(Supplied records)
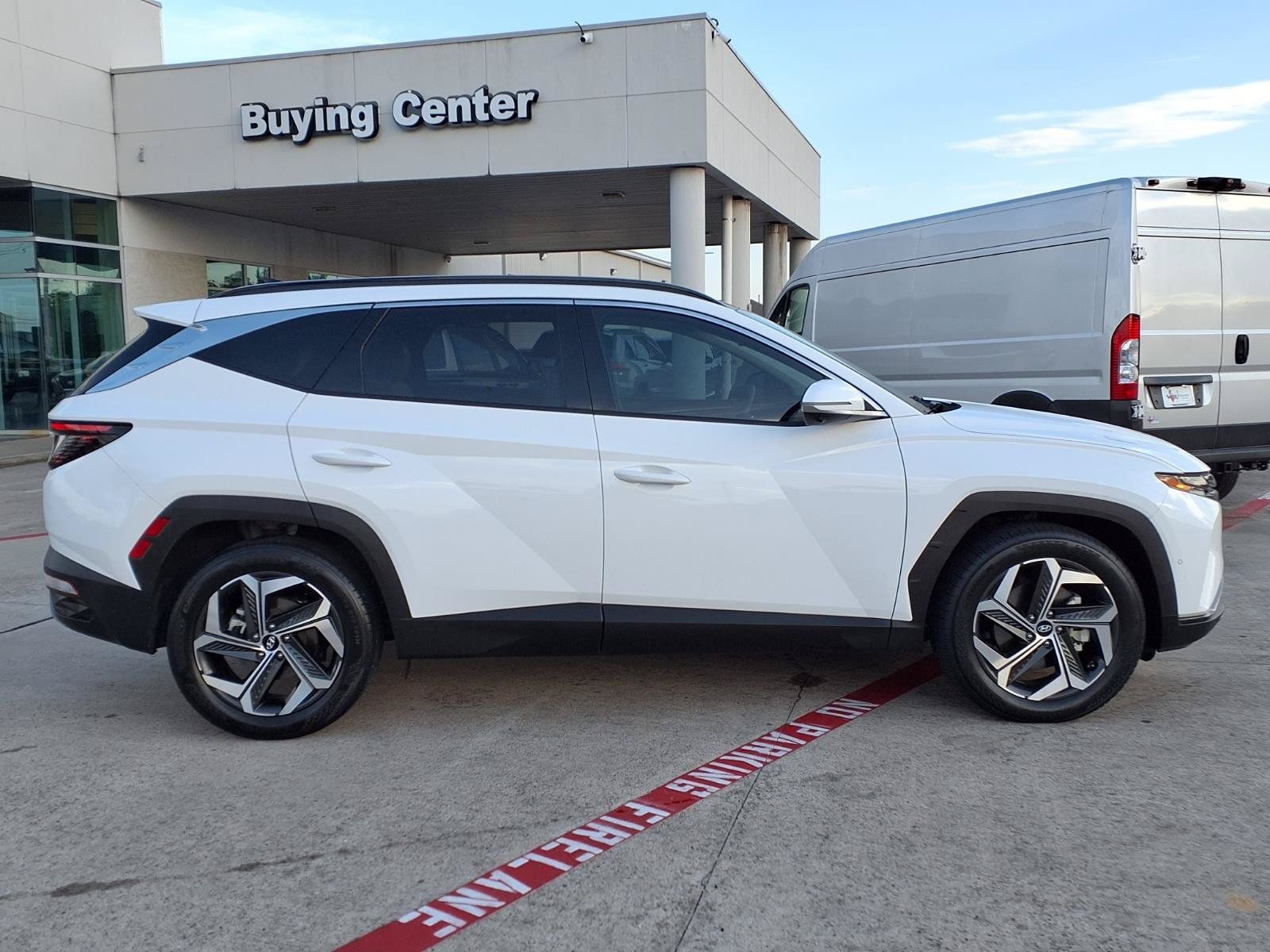 2024 Hyundai Tucson Limited White at Legacy Ford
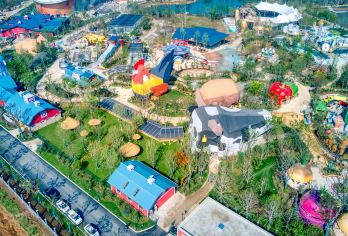 奇幻谷里飞着玩，汉江游轮躺着浪 —— 白加黑的快乐密度超标了【中文司机】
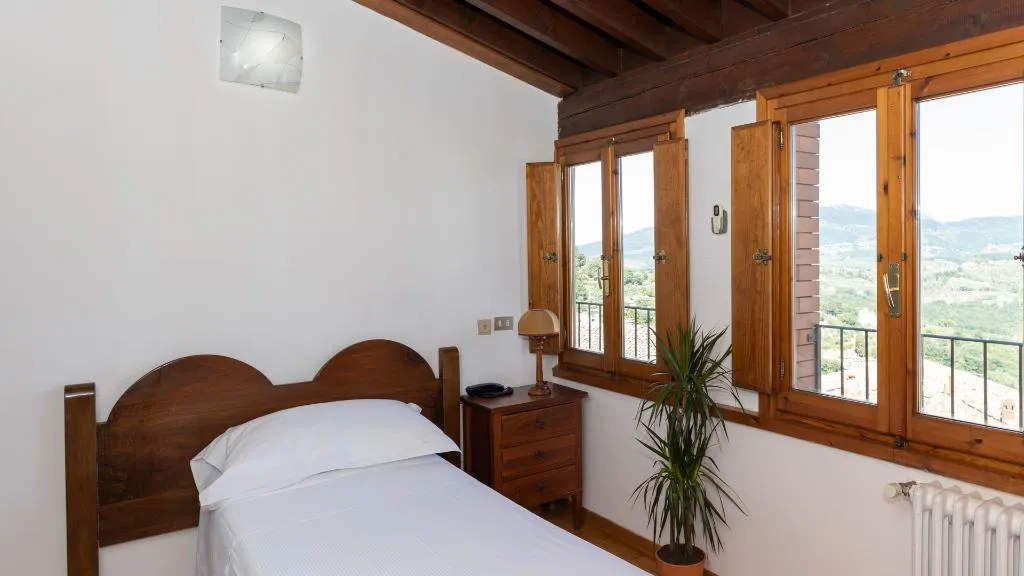 Room, Villa Bonelli, Florence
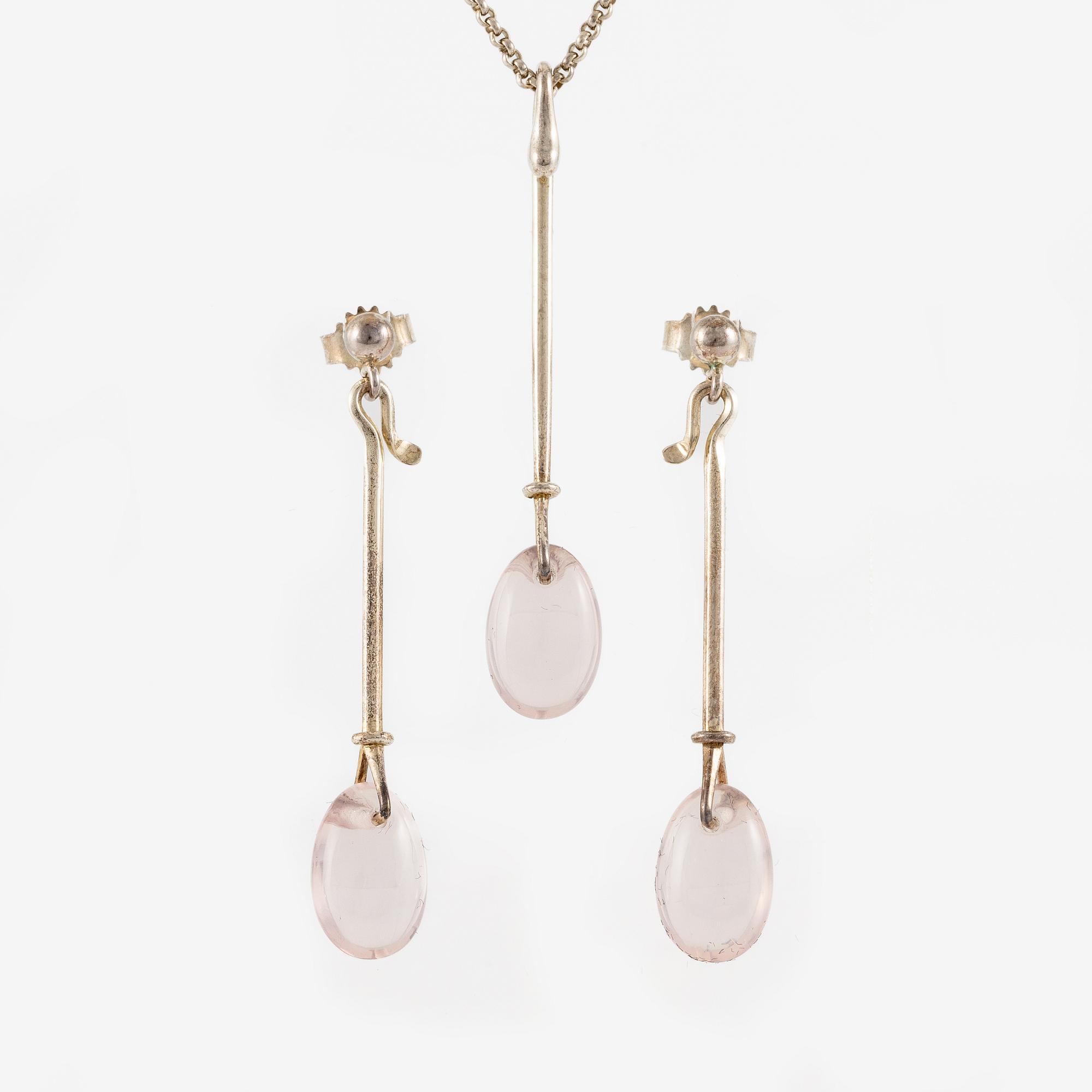 Vivianna Torun Bülow-Hübe, hänge samt örhängen, ett par, silver med rosenkvarts, för Georg Jensen.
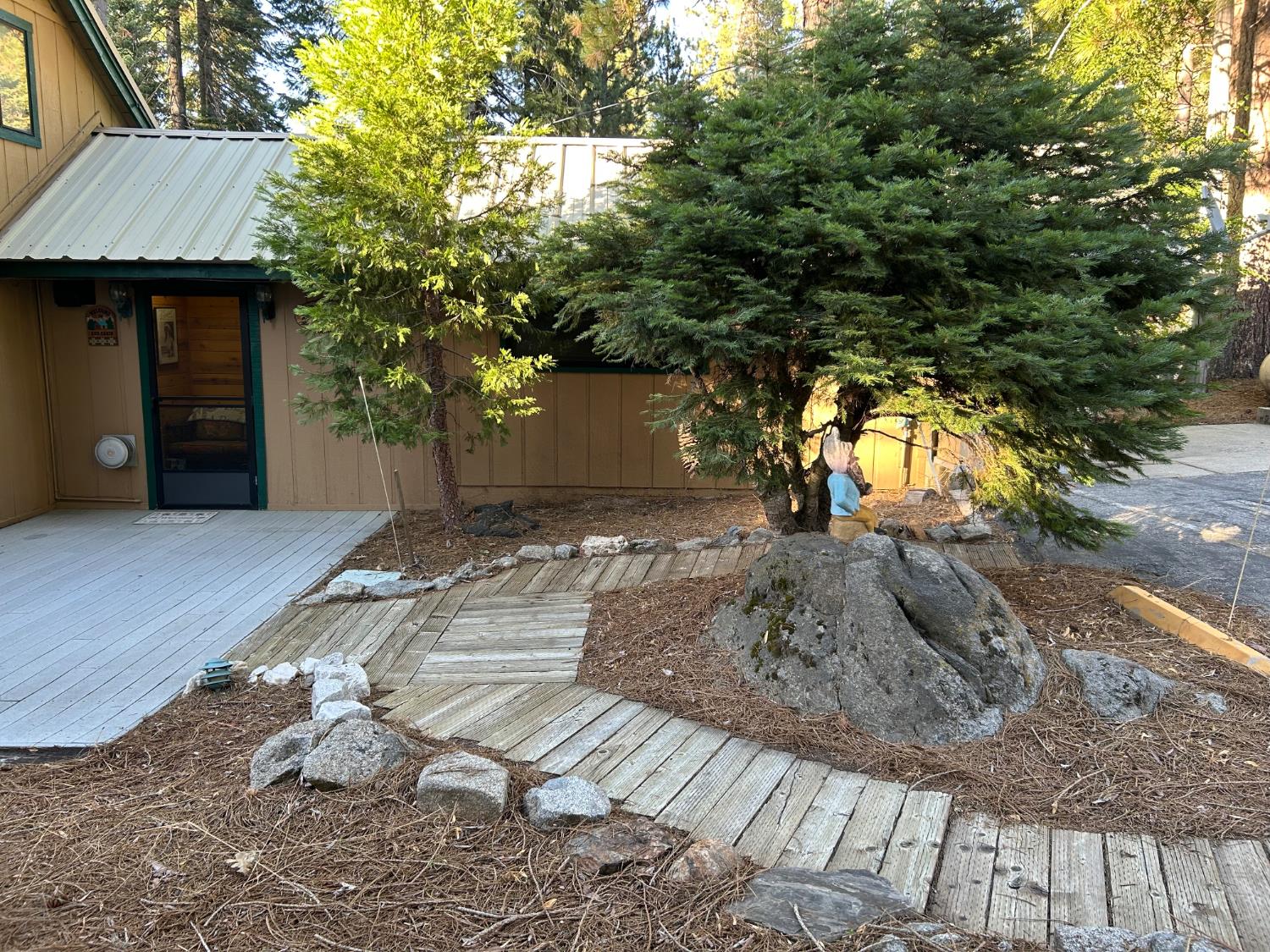 1237 Cedar Ave, Fish Camp, CA 93623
(End Supplied records)
» **Activity**
If pictures are present, they are dropped, and the entries above are written out word for word.

» **Solution**
 2024 Hyundai Tucson Limited White at Legacy Ford
 奇幻谷里飞着玩，汉江游轮躺着浪 —— 白加黑的快乐密度超标了【中文司机】
 Room, Villa Bonelli, Florence
 Vivianna Torun Bülow-Hübe, hänge samt örhängen, ett par, silver med rosenkvarts, för Georg Jensen.
 1237 Cedar Ave, Fish Camp, CA 93623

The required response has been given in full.